Illinois governor J.B. Pritzker has made a big move this week, expunging nearly a million marijuana arrest records and pardoning thousands more.

The governor announced on Thursday that thousands of pardons had been issued for low-level marijuana convictions and that nearly 500,000 non-felony marijuana-related charges had been expunged.

Pritzker’s office said the governor ssued pardons for 9,129 low-level cannabis conviction records; and the arrest records have been expunged by the Illinois State Police (ISP).

492,192 cannabis arrest records were expunged on New Year’s Eve which means the ISP has completed its automatic expungement process four years early; its statutory deadline is Jan. 1, 2025.

“Statewide, Illinoisans hold hundreds of thousands low-level cannabis-related records, a burden disproportionately shouldered by communities of color,” Pritzker stated. “We will never be able to fully remedy the depth of that damage. But we can govern with the courage to admit the mistakes of our past — and the decency to set a better path forward.”

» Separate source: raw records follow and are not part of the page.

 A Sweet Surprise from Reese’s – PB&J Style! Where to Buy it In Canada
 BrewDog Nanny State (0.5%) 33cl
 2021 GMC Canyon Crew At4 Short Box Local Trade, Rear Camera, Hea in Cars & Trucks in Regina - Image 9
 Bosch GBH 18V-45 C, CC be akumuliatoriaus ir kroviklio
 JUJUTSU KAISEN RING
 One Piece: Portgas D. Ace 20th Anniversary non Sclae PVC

Prtizker made the move just in time as the Cannabis Regulation and Tax Act that he signed on May 31, 2019, mandates that 47,000 cannabis-related arrest records between 2013 and 2019 be expunged by Jan. 1, 2021.

Over 20,000 cannabis convictions have also been pardoned under this law.

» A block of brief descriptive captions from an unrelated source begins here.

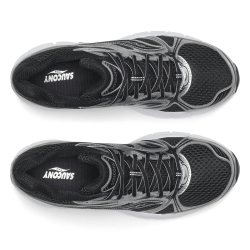 Baskets SAUCONY  Grid Legacy -Unisexes Confortables SILVER/BLACK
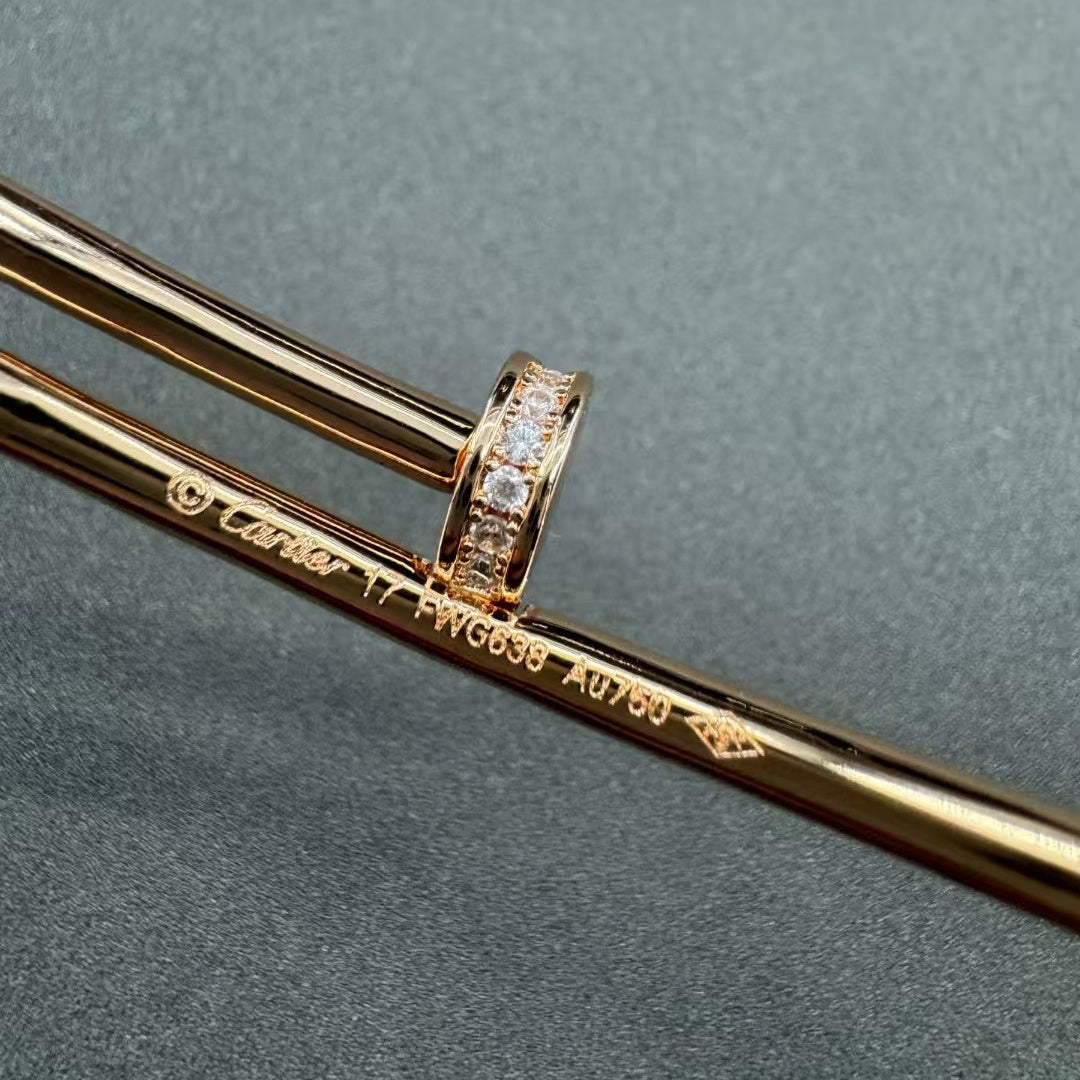 [Loco] JUSTE BRACELET 2.5MM DIAMONDS NEW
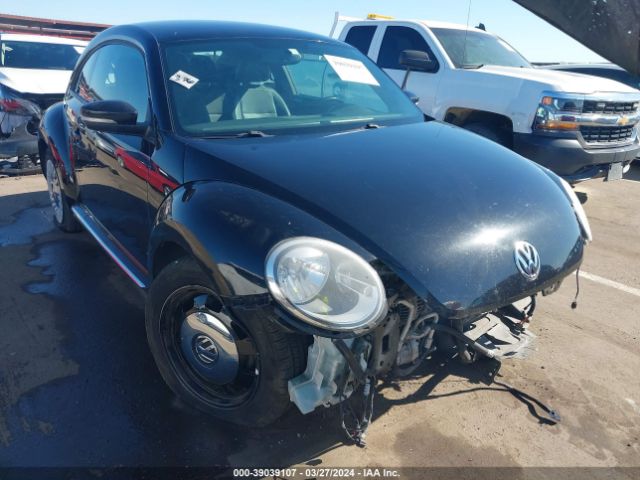 VOLKSWAGEN BEETLE 2014 3vwjp7at7em610819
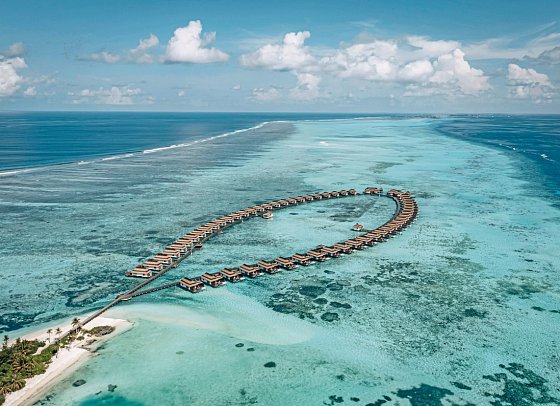 Pullmann Maldives Maamutaa Resort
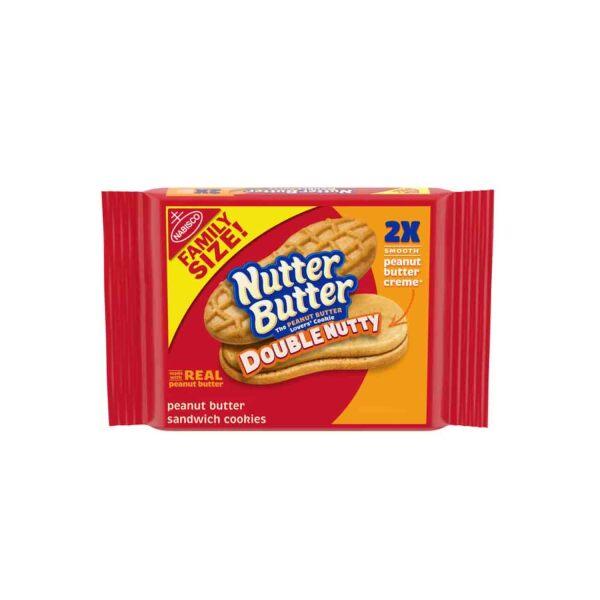 Get Nutter Butter Double Nutty Cookies Delivered | Misfits Market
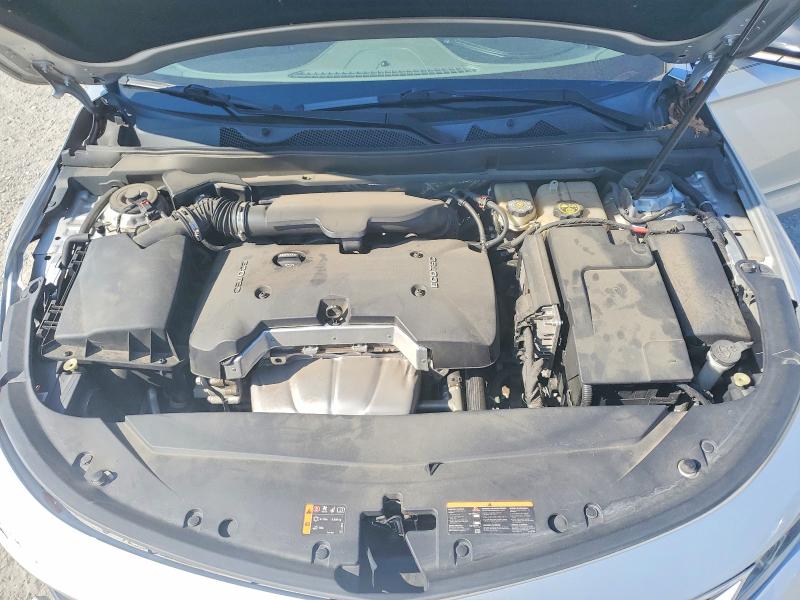 Photo 11 from auction – 2016 CHEVROLET IMPALA with VIN 2G11X5SA7G9170934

Only DuPage, Kane, Knox, McHenry, McLean, Peoria, Rock Island, Will and Winnebago counties of the state’s 102 counties, have completed expungements at the local level.

The remaining counties have until Jan. 1, 2025, to complete expungement of their non-felony cannabis related arrest records.

“As we near the end of the first year of Illinois’ new legal cannabis industry, I am heartened by the progress we have made towards undoing the harms dealt by the failed war on drugs,” Toi Hutchinson, senior advisor to the governor for cannabis control, stated.

“We are one year into what will be an ongoing effort to correct historic wrongdoings. The administration remains committed to working with legislators to address any challenges to equity and on building an industry that re-invests in our state’s communities.”